What Is a Tagging Service?
A tagging service allows users and systems to attach descriptive labels (tags) to arbitrary entities such as articles, tasks, products, or code commits. It must support a hierarchical tag taxonomy, provide fast autocomplete suggestions, enable bulk tagging operations, and answer cross-entity queries like “give me all entities tagged with both ‘backend’ and ‘urgent’.”
Requirements
Functional Requirements
- Create, update, and delete tags with optional parent-child hierarchy.
- Attach one or more tags to any entity; detach tags; list all tags on an entity.
- Autocomplete tag suggestions as a user types (prefix and fuzzy match).
- Query all entities of a given type that carry a specified set of tags (intersection and union modes).
- Support bulk tag operations: apply a tag to thousands of entities in one API call.
Non-Functional Requirements
- Autocomplete must return results under 50 ms at p99.
- Cross-entity tag queries must support result sets of up to 100,000 entities with cursor pagination.
- Bulk apply of up to 10,000 entities must complete within 10 seconds.
Data Model
- tag: tag_id, name (unique within namespace), namespace, parent_tag_id (nullable), slug, created_by, created_at.
- entity_tag: entity_tag_id, tag_id, entity_id, entity_type, tagged_by, tagged_at. Composite index on (tag_id, entity_type) for cross-entity queries and on (entity_id, entity_type) for per-entity tag lists.
- tag_alias: alias_id, canonical_tag_id, alias_name. Used to redirect deprecated tag names to their canonical replacement.
The parent-child hierarchy is a self-referencing foreign key on tag. For deep hierarchies an adjacency list works up to three or four levels; for unlimited depth a closure table (storing all ancestor-descendant pairs) enables efficient subtree queries.
Core Algorithms
Autocomplete with Trie and Inverted Index
Tag names are indexed in an in-memory trie on the service for prefix matching. On startup the service loads all tag names into the trie. Updates (new tags, renames) are applied incrementally. For fuzzy matching (handling typos) the service additionally uses a trigram inverted index: each tag name is split into overlapping three-character n-grams stored in a hash map pointing to tag_ids. A query computes trigrams for the input and finds the tags with the highest trigram overlap, scored by Jaccard similarity. Results below a minimum score threshold are filtered out.
Cross-Entity Tag Query
For intersection queries (entities having ALL of a set of tags), the service queries the entity_tag table for each tag individually, producing sorted lists of entity_ids, then performs a merge-join to find the common set. For union queries it uses a heap-merge over the sorted lists. Both operations are O(N log K) where N is the total result set size and K is the number of tags. An execution planner orders the per-tag scans from smallest to largest (using stored tag entity counts) to prune early during intersection.
Bulk Tag Application
Bulk apply receives a list of entity_ids and a list of tag_ids. It splits the entities into batches of 500 and inserts rows into entity_tag using multi-row INSERT … ON CONFLICT DO NOTHING (for idempotency). Each batch is a single database round-trip. A bulk operation is tracked in a bulk_job table with progress counters, allowing the caller to poll for completion. On failure the job stores the last processed offset so a retry can resume without reprocessing already-tagged entities.
API Design
GET /tags/suggest?q=back&namespace=project— returns top 10 autocomplete matches with tag_id and display name.POST /entities/{entity_type}/{entity_id}/tags— body: {tag_ids: […]}. Attaches tags; idempotent.DELETE /entities/{entity_type}/{entity_id}/tags/{tag_id}— detaches a single tag.GET /tags/{tag_id}/entities?entity_type=task&cursor=X— paginated list of entities carrying this tag.POST /tags/query— body: {tag_ids: […], mode: “intersection”|”union”, entity_type: “task”}. Cross-entity query.POST /bulk/tag— body: {entity_ids: […], tag_ids: […]}. Returns bulk_job_id.

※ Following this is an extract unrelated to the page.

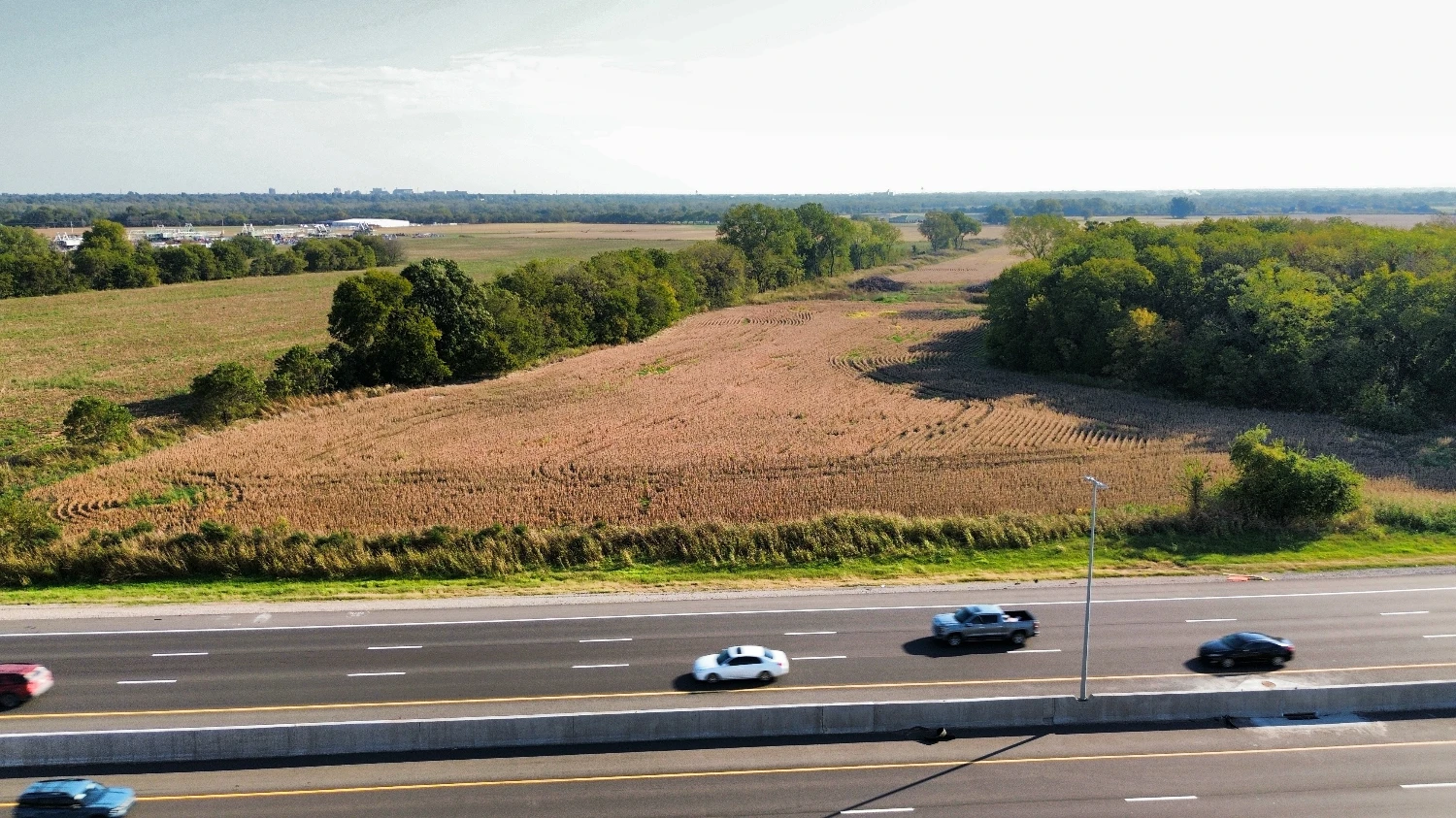 E. I-35 & Sycamore Rd, Goldsby, OK for sale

Scalability and Reliability
Read Cache for Popular Tags
Tags with high entity counts are cached in Redis as sorted sets keyed by tag_id and entity_type, ordered by tagged_at. Pagination uses the Redis ZRANGEBYSCORE command with cursor-based offsets. Cache entries are invalidated on tag/entity mutations. Tags below a popularity threshold are served directly from the database to avoid cache pollution.
Namespace Isolation
Tags are scoped to a namespace (e.g. workspace_id or project_id). All queries include the namespace in the index prefix. This prevents tag name collisions across tenants and allows efficient pruning — a query for namespace A never touches namespace B data. Namespace-level quotas (max tags, max entity_tag rows) are enforced to prevent abuse.
Trie Refresh Strategy
The in-memory trie is rebuilt from the database on service startup. New tags are added to the live trie without a restart using an async update channel. A background job runs every five minutes to reconcile any missed updates. Memory usage is bounded by limiting the trie to the active namespace on each service instance using consistent hashing of namespaces to instances.

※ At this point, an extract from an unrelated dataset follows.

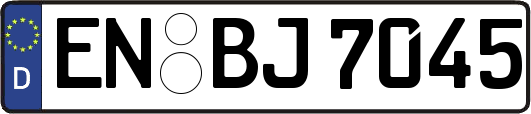 EN-BJ7045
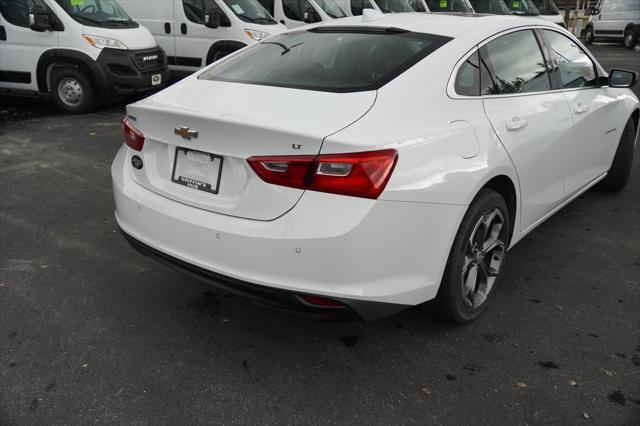 used 2024 Chevrolet Malibu car, priced at $22,380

Trade-offs and Interview Discussion Points
- Flat tags versus hierarchy: flat tags are simple to implement and query; hierarchies enable “all tasks tagged with any subtype of Backend” queries but add complexity to the data model and query planner.

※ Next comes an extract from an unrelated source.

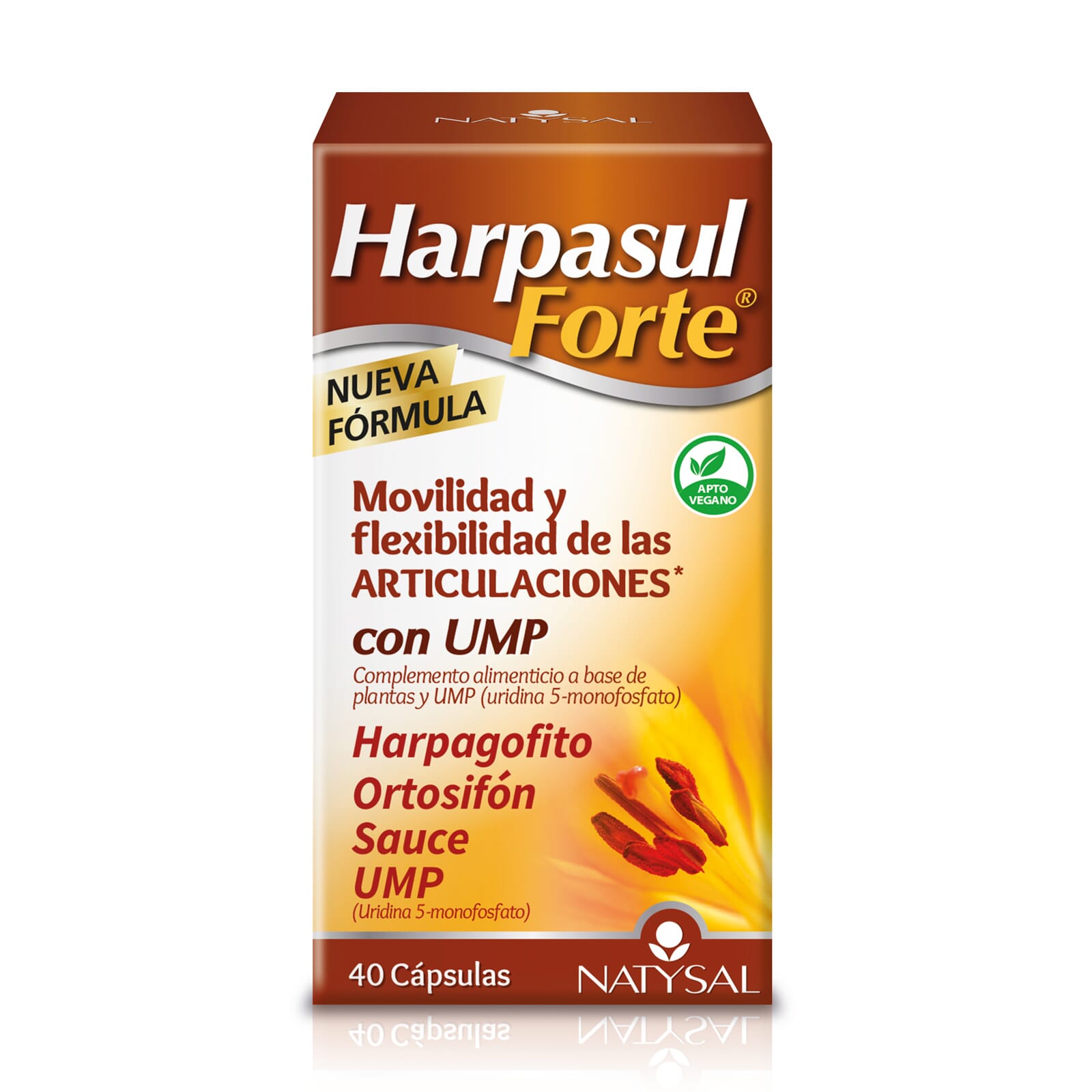 Harpasul Forte 40 Caps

- Inverted index in-process versus Elasticsearch: an in-process trie is faster for prefix autocomplete with no network hop, but Elasticsearch provides richer fuzzy search and scales horizontally with no custom code. The right choice depends on search richness requirements.
- Synchronous versus async bulk apply: synchronous completion is simpler for the caller but can time out for large batches. The async job model with polling adds a round-trip but handles arbitrarily large inputs without HTTP timeouts.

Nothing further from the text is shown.